Made from wheat gluten, Seitan is a meat substitute with a firm, almost meaty texture. The most common uses include marinating, stir-frying and deep-frying. Seitan contains 28g of protein per 4 ounces, however is low in amino acids so should be combined with beans, legumes or quinoa.
Containing all 9 amino acids, and high in fiber, quinoa is a complete vegan protein source. Known as a superfood, quinoa has a slightly nutty flavor and comes in a variety of colors. Quinoa can be cooked just like rice and used as a meal base or side dish. Each ½ cup of cooked quinoa contains 4g of protein.
As a source of not only protein but also omega-3 fatty acids, seeds and nuts are a great addition for those on a plant-based diet.
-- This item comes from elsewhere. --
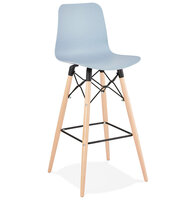 Maysun - Design Barkruk - DIANNE Blauw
Seeds and nuts are perfect for snacking, making sauces or adding to salads. Often high in fiber, seeds and nuts offer significant nutritional value. On average nuts contain 12g of protein per ½ cup, whereas seeds contain 10g-20g per ½ cup.
It is a common assumption that those on a plant-based or vegan diet are not getting the correct nutrients, especially protein. However, as you can see from the above great sources of vegan protein, correctly fuelling your body can be simple. These suggestions are easy to incorporate into your daily meals and offer many health benefits. To ensure you are getting all nutrients you should also incorporate a large variety of fresh fruit and vegetables.